It's not usually productive to try to anticipate all the problems that will arise. Learn from failing, isn't that the saying? It's the quickest and most truthful way. Go ahead and make bad guesses, but then test the hell out of them. Every now and then you get lucky and you can't prove that the last guess was wrong. Wow, that means it might actually be partly right! So you try harder, and if the model still won't fail, you may have to accept it for a while. In my book, that's how real science gets done. Skeptics only need apply. Those who get off on being right would do better to become politicians or lawyers.

Best,

Bill

···

At 06:56 AM 12/11/2011 +0800, Henry Yin wrote:

Hi, Martin –

I’ve been dipping in and out of
this thread, and maybe this essay from Science has been mentioned, but in
case not, the attached two pages seem fairly relevant to the recent
discussion. If I can quote one sentences from the summary:


Overall, the results of this research show that dendrites implement the
complex computational task of discriminating temporal sequences and allow
neurons to differentially process inputs depending on their location,
suggesting that the same neuron can use multiple integration rules.


BP: Yes, I saw that and it’s one reason I want to include input transfer
functions if possible. Judging from the kinds of variables human beings
can perceive and control, it’s pretty certain that neurons can do more
than just weighted summation. The problem is that I have no idea what
sorts of computations are required to create perceptions of all the kinds
we’ve talked about, so I might not recognize a useful function when I see
it. We really need some good applied mathematicians like Kennaway who
understand all the ins and outs of analytical geometry, physical
dynamics, maybe even tensor analysis (for computing invariants). Or who
can learn what they need to know. I don’t have a big enough mathematics
bump.

I don’t recall much about the article, but I remember thinking that maybe
the idea of “sequence” detection was a case of overinterpreting
the data. Couldn’t that neuron just be the output of a whole neural
network? I think that circuits, not just single neurons, are needed to
detect sequence. Perceiving the sequence “A, B” as different
from “B, A” requires the ability to remember (or otherwise be
affected by the fact) that A has already occurred at the time B
commences, doesn’t it? Maybe there is some process that doesn’t need
memory that can do this, but at the moment I can’t think of what it might
be. In the PCT model, sequence detection occurs at a high level – the
eighth of eleven. My pseudo-model, in chapter 3 of B:CP, uses a whole
string of pseudo-neurons hooked up like latches to accomplish the memory
effect. The last neuron in the string might appear to respond to a
sequence, but the other neurons are needed, too.

Best,

Bill

···

At 11:17 PM 12/10/2011 -0500, Martin Taylor wrote:

Hello, Henry et al--

Hi Martin [Taylor],
I have no problems with Branco's findings. It's his interpretation
that I question. What his findings suggest is that you can build
"detectors" of AB but not BA with just the dendritic properties.
Let's say AB is centripetal activation but BA is centrifugal. So AB
fires the cell and BA doesn't. He's just saying we don't necessarily
need circuit mechanisms. But regardless of how you do it, you are
still left with the problem of explaining behavioral sequences, or
sequences of letters, and so on. Even if we accept his findings (and
so far it's still too early to tell), that doesn't mean you just use
dendrites to compute behavioral sequences.
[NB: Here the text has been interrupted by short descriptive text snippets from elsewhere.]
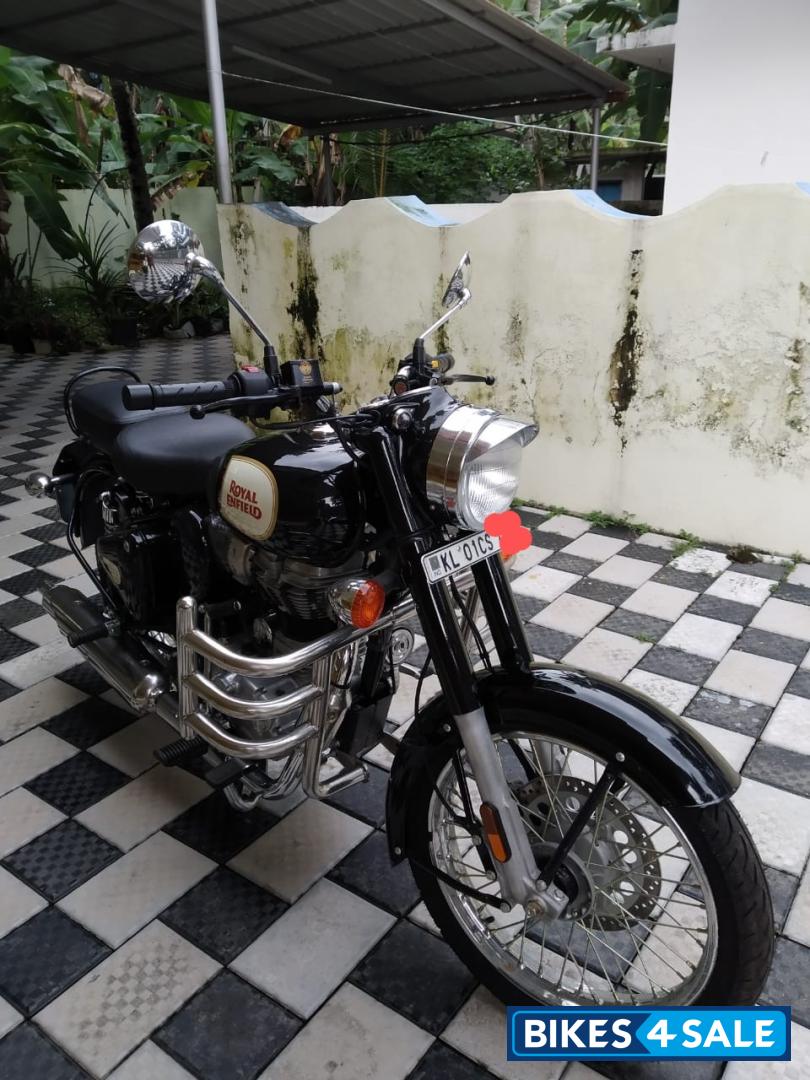 Classic Black Royal Enfield Classic 350 BS VI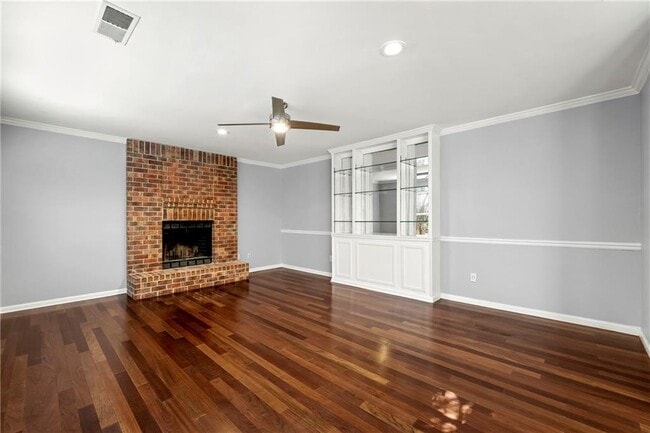 Building Photo - 3744 Misty Wood Dr N W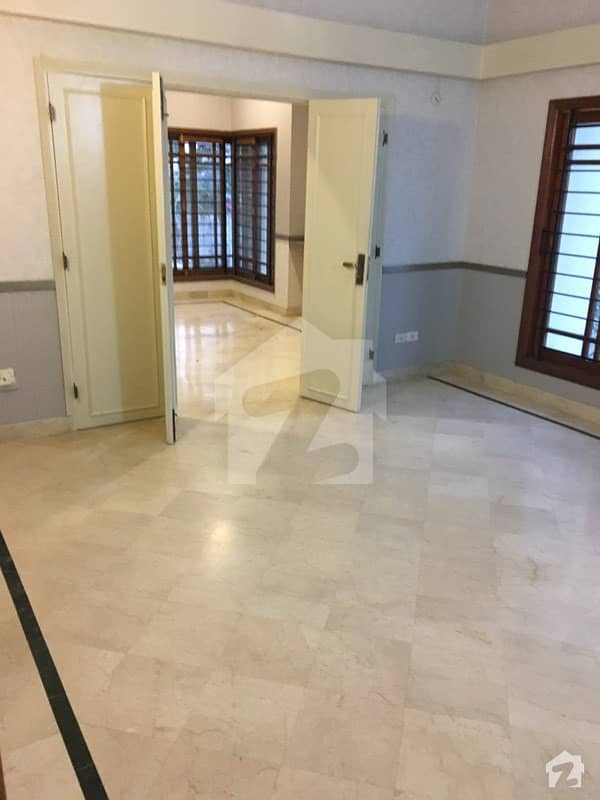 1000 Square Yards House Available For Rent For Commercial Use Clifton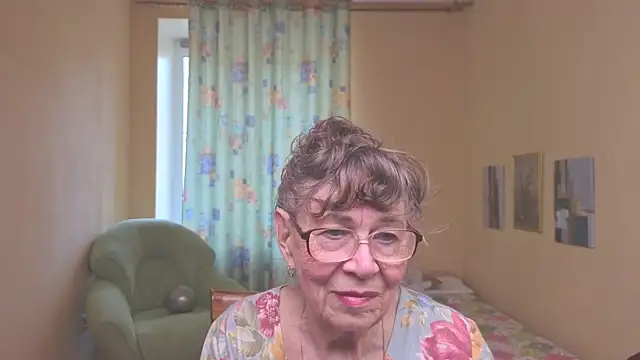 Betty Brick online show from May 2026 11:48:01 AM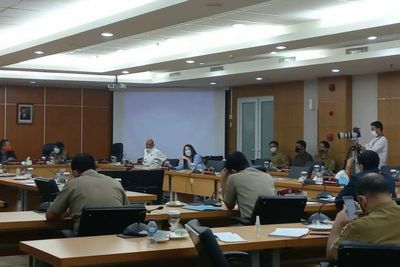 Pasca Dipecat PSI, Viani Limardi Tiba-tiba Nongol di Rapat Komisi D DPRD DKI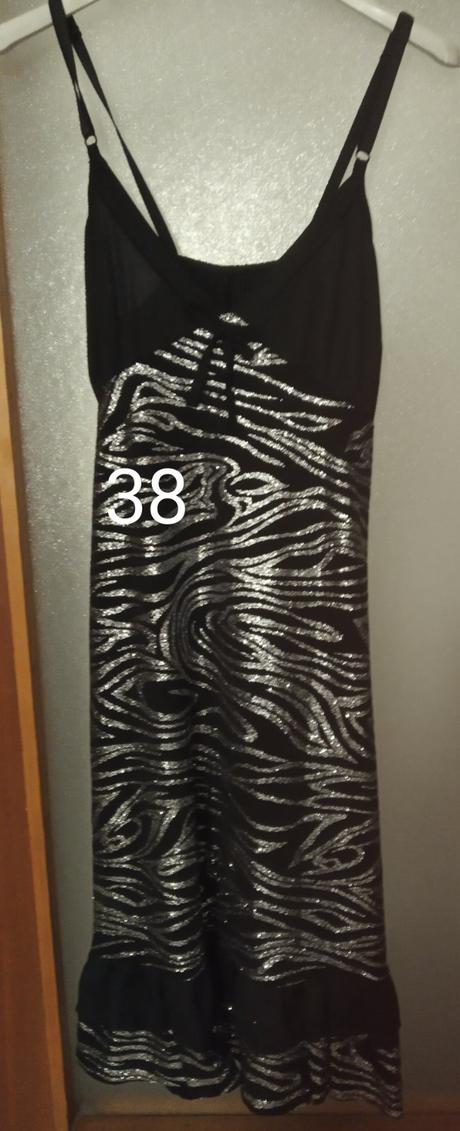 Elastické sviatočné šaty 38, 38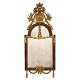 Louis XVI 
Nussbaumspiegel 
mit 
Vergoldungen
Altona um 1770
H: 112cm. B: 
46cm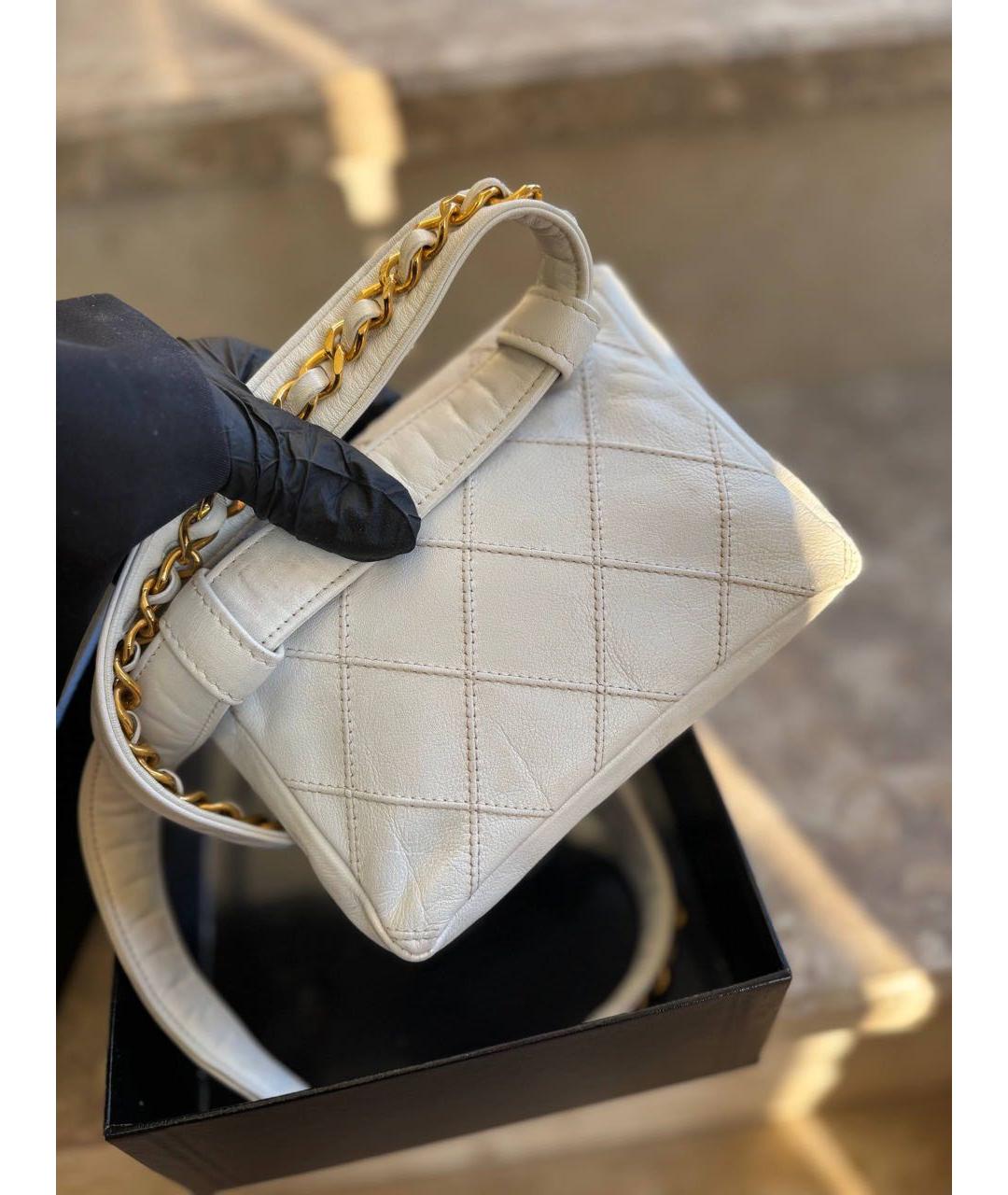 CHANEL Белая кожаная поясная сумка, фото 3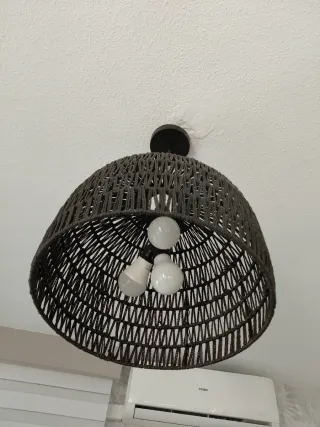 Lámpara de techo tejida negra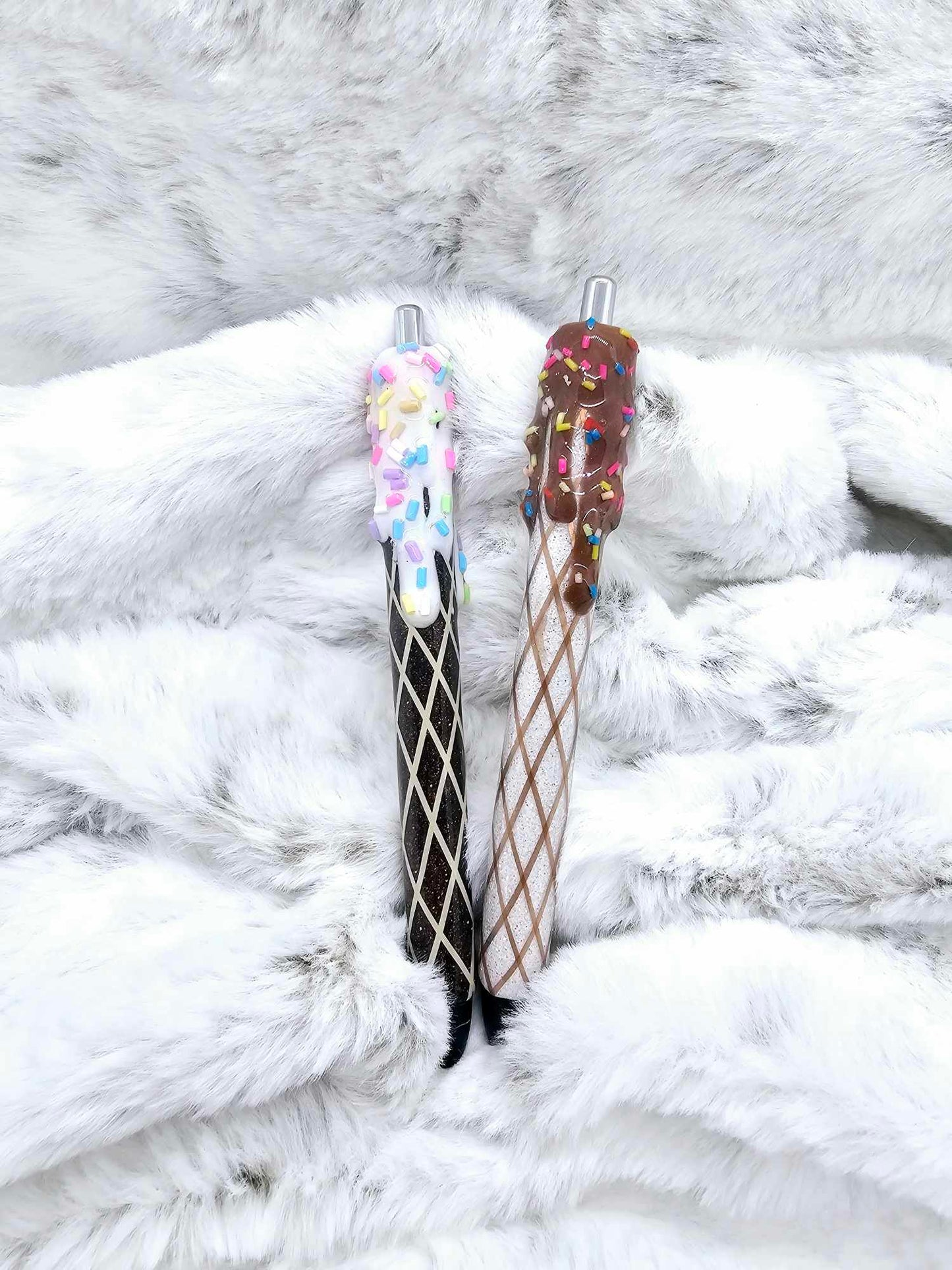 ICE CREAM CONE WITH SPRINKLES PEN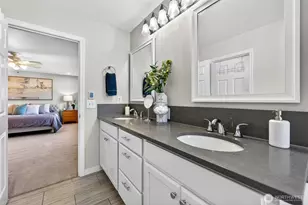 15060 NE 185th St, Woodinville, WA 98072 - Photo 16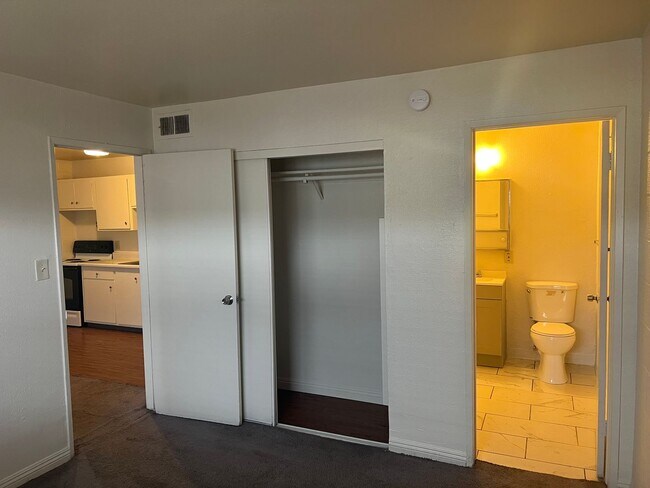Foto del edificio - 3726 Hazelwood St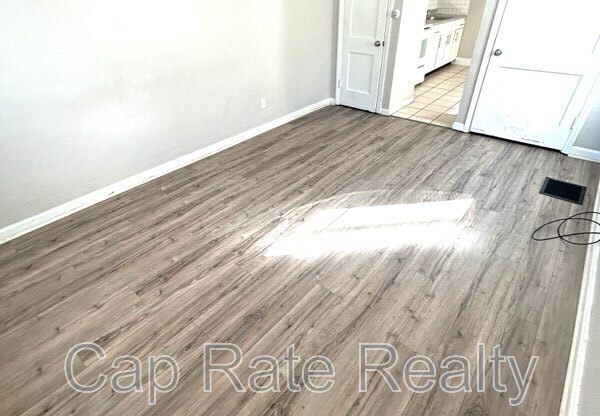 1051 REPUBLIC AVE
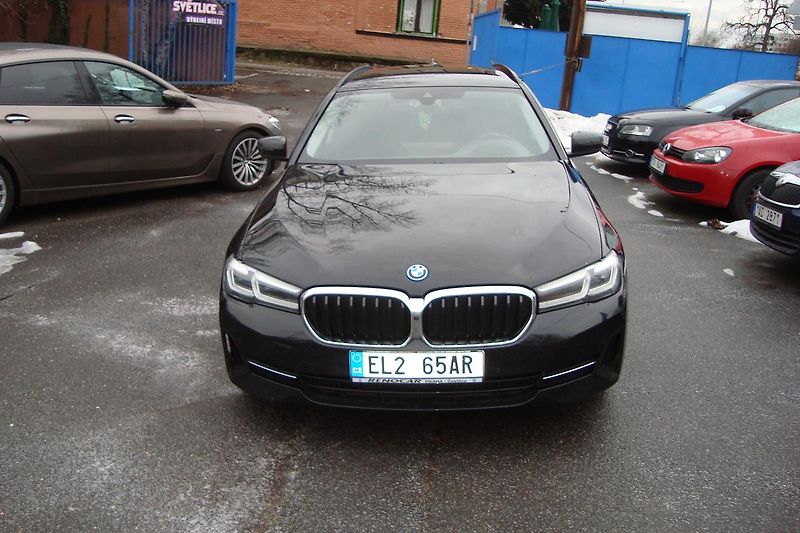 BMW Řada 5 (2021) 530e Xdrive, ČR, 1.Maj.S.Kn. - fotka 2 z 65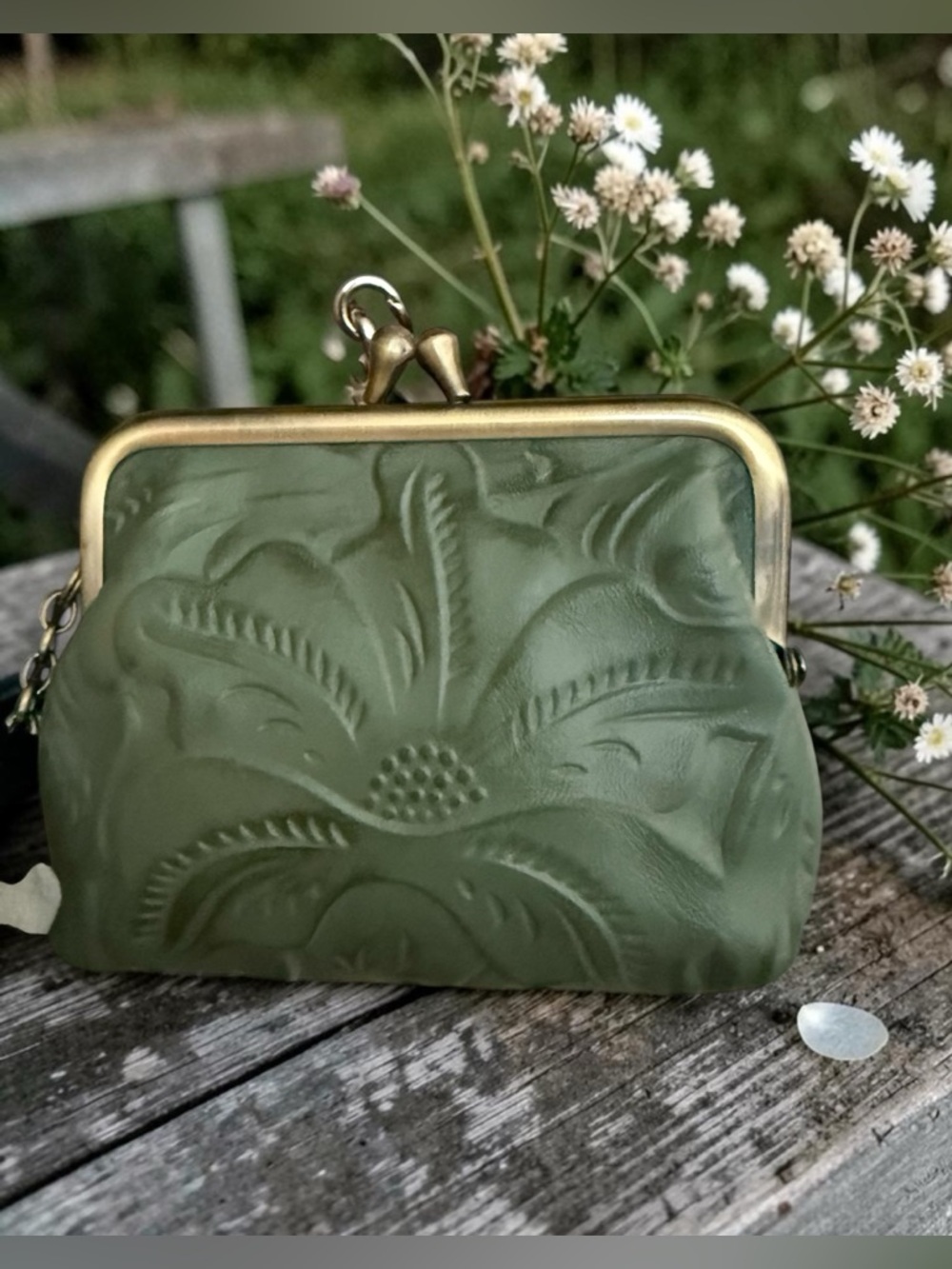 Patricia Nash Borse tooled embossed  sage green Leather kiss lock coin pouch NWT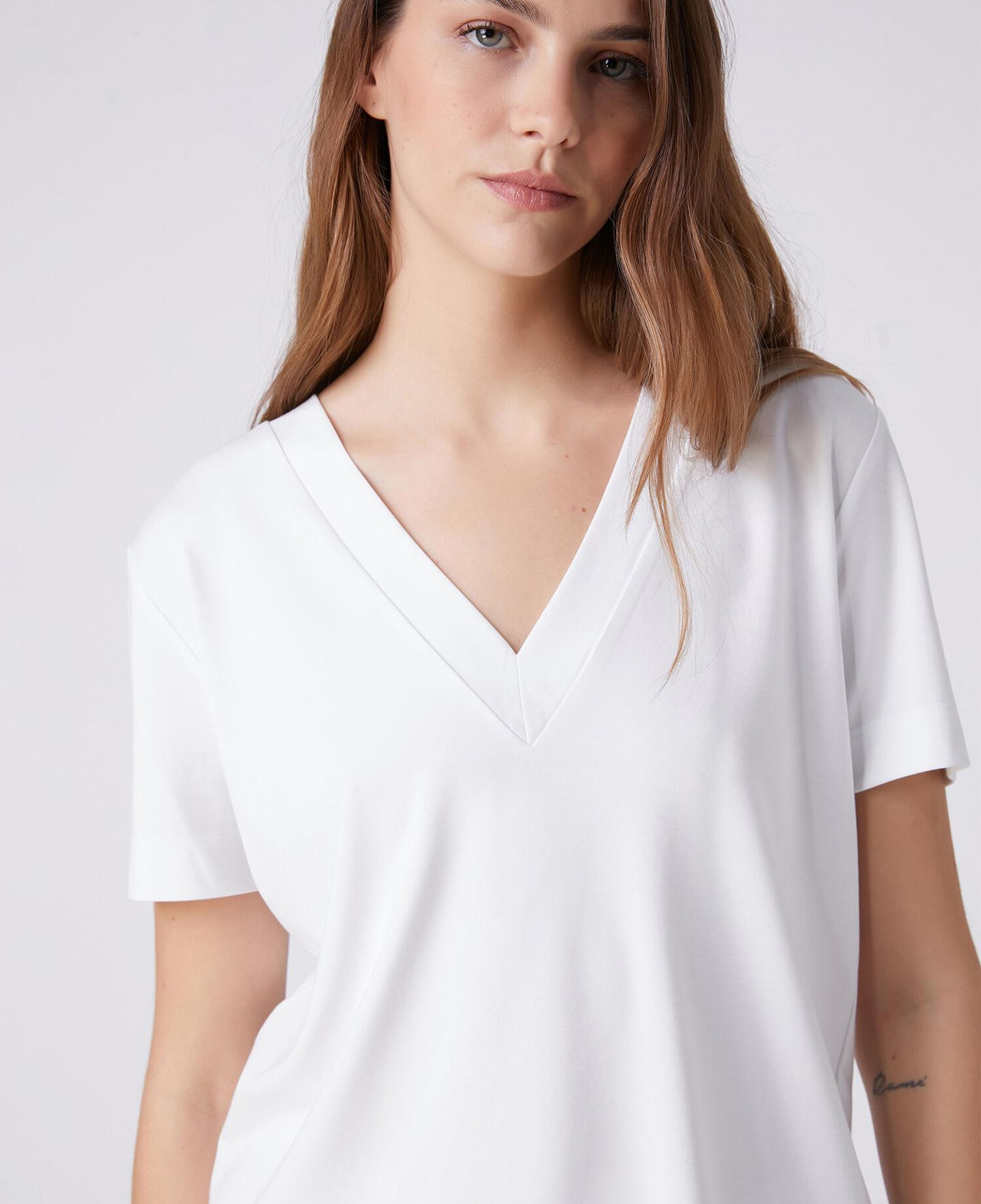 Beymen Club Kadın Kırık Beyaz Yanı Yırtmaçlı Basic T-shirt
A subtle and important point that I hadn't considered. It's perfectly true that a cell may "fire" when B occurs just before A but not the other way around -- yet the firing may not constitute perception (conscious or unconscious) of the sequence. It all depends on whether the system receiving the firing signal experiences this as information about sequence. For example, if an inhibitory spike precedes an excitatory one closely enough, the excitatory one may not cause a firing because the inhibition hasn't died away yet, but reversing the sequence could allow it. Even the refractory period after one impulse could prevent a following one from having an effect, while just a little longer delay would allow both impulses to be effective (in either order). These are phenomena of sequentiality, yet may not have any significance in the brain's operation.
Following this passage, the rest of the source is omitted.